- **TASK OBJECTIVE**
Among the records below, find the line with "Note that each" and the line with "Question 3: Broadly". Set down both and every line between, exactly and with no pictures, but nothing else.

- **DATA RECORDS**
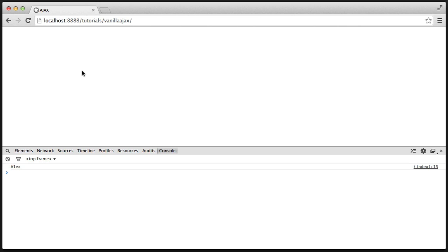You can see at the moment I've got my browser open and I'm outputting something down here. Now this is actually part of an Ajax request to a JSON file, which has then grabbed this value and output it.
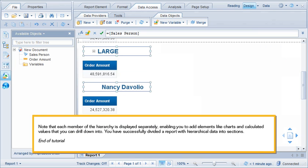Note that each member of the hierarchy is displayed separately, enabling you to add elements like charts and calculated values that you can drill down into.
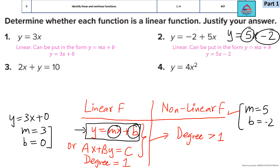Next is question 3: 2x + y = 10. This can be put in the general form ax + by = c, where a = 2, b = 1, and c = 10. So again, it's a linear function.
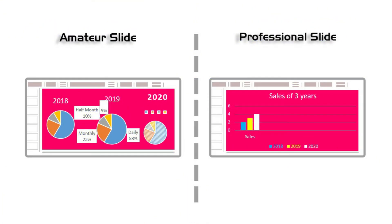Some people think that if we give a lot of information in a presentation then it will be better. But that's totally wrong, because judges always want the final result, not the interpretation. Here you can see we can't understand what's going on in the amateur slide because of too much graphs. But we can easily understand in this professional slide that sales increased in 2020.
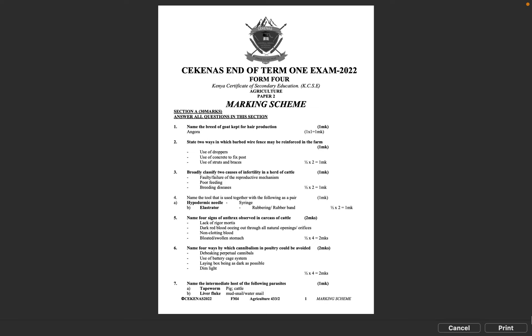Question 3: Broadly classify two causes of infertility in a herd of cattle. Faulty failure of the reproductive mechanism, poor feeding, breeding diseases. Half mark times 2 equals 1 mark.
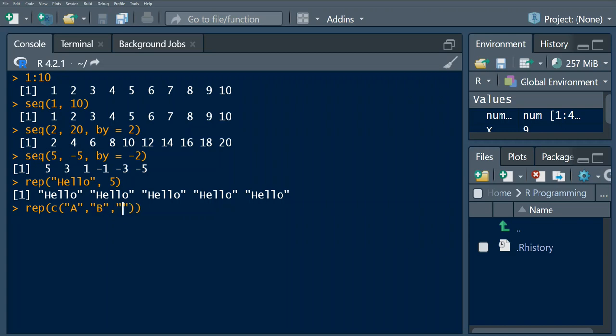And say c. Okay, now what we want to specify, say for example we want to have an output that will repeat each element three times. Okay, so by specifying an additional argument which is each.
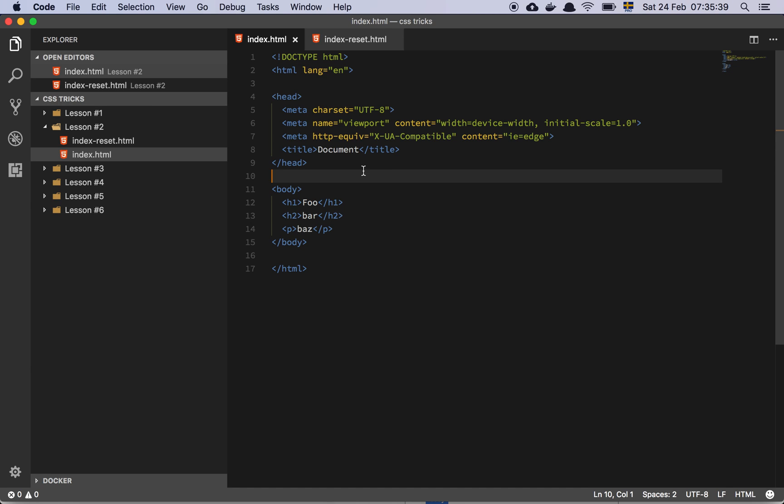Okay guys, so in this video we are going to talk a little bit about default margins, paddings, and box sizing. So let's get into it.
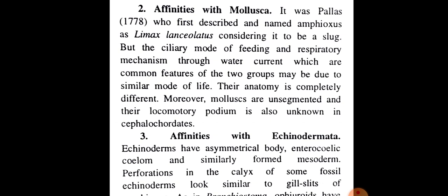In Hindi: The ciliary mode of feeding and respiratory mechanism through water current, common to both groups, may be due to their similar mode of life. Their anatomy is completely different. Moreover, mollusks are unsegmented and their locomotory podium (foot) is also absent in cephalochordates.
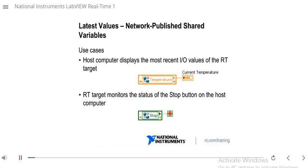If you need to share latest values between your RT target and your host computer over the network, one way is using network published shared variables. Use cases include: your host computer needs to display the most recent IO values of the RT target — for example, just the current temperature. Another use case is your RT target monitoring the status of a stop button on the host computer, so when the user presses stop, the RT target can stop a loop or other processes.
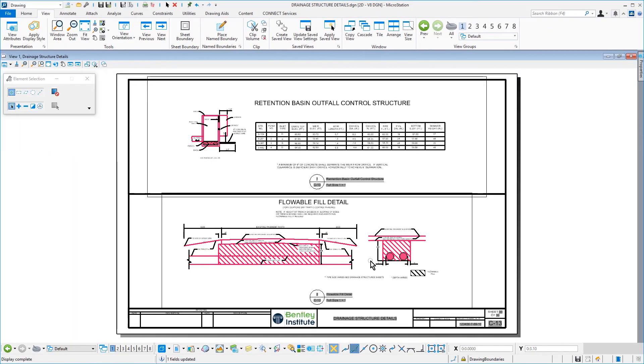The Drainage Structure Detail Sheet opens again. And here, the Flowable Fill Detail named boundary was referenced to the second drawing boundary that you predefined.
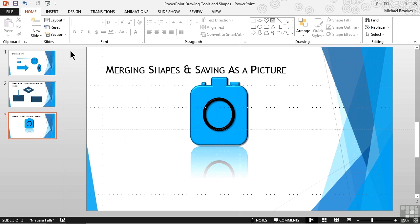There are several options we could try, but if whatever we have created needs to be used in other places, especially if those aren't Word, Excel, Outlook, or Publisher, we need to not only be able to copy and paste them, we need to transform them into a format that any application can use. That format is a picture format.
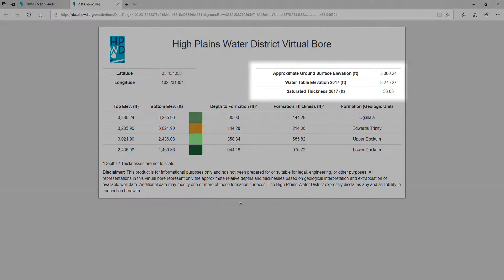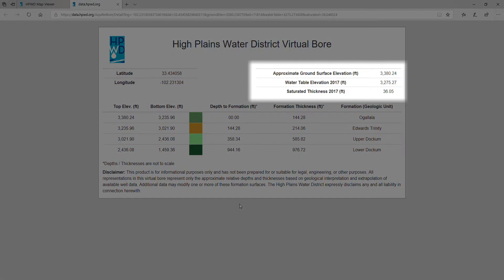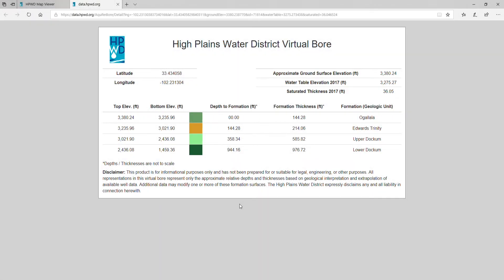The information on the right shows elevation of the ground surface and the water table. The saturated thickness is based on the Ogallala Aquifer observation well measurements in that area.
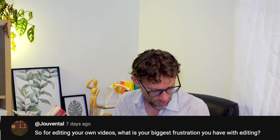Joventil asks, for editing your own videos, what's your biggest frustration you have with the editing? Honestly, because I'm colour blind, I kind of get that wrong quite often. So that's one area that I struggle with. But I think things are gradually improving. Not perfect, but we are getting there.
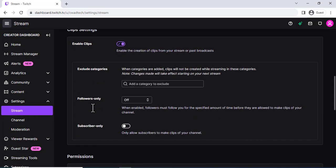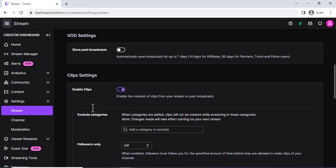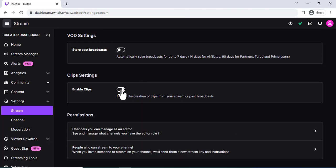In the Clips section, you'll see a toggle switch labeled Enable Clips. By default,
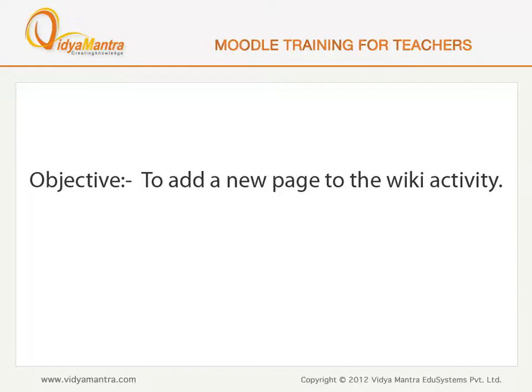In this lesson, we will add a new page to wiki activity as a student. First, switch to Google Chrome.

- **RESPONSE AREA**
Note that each member of the hierarchy is displayed separately, enabling you to add elements like charts and calculated values that you can drill down into.
Next is question 3: 2x + y = 10. This can be put in the general form ax + by = c, where a = 2, b = 1, and c = 10. So again, it's a linear function.
Some people think that if we give a lot of information in a presentation then it will be better. But that's totally wrong, because judges always want the final result, not the interpretation. Here you can see we can't understand what's going on in the amateur slide because of too much graphs. But we can easily understand in this professional slide that sales increased in 2020.
Question 3: Broadly classify two causes of infertility in a herd of cattle. Faulty failure of the reproductive mechanism, poor feeding, breeding diseases. Half mark times 2 equals 1 mark.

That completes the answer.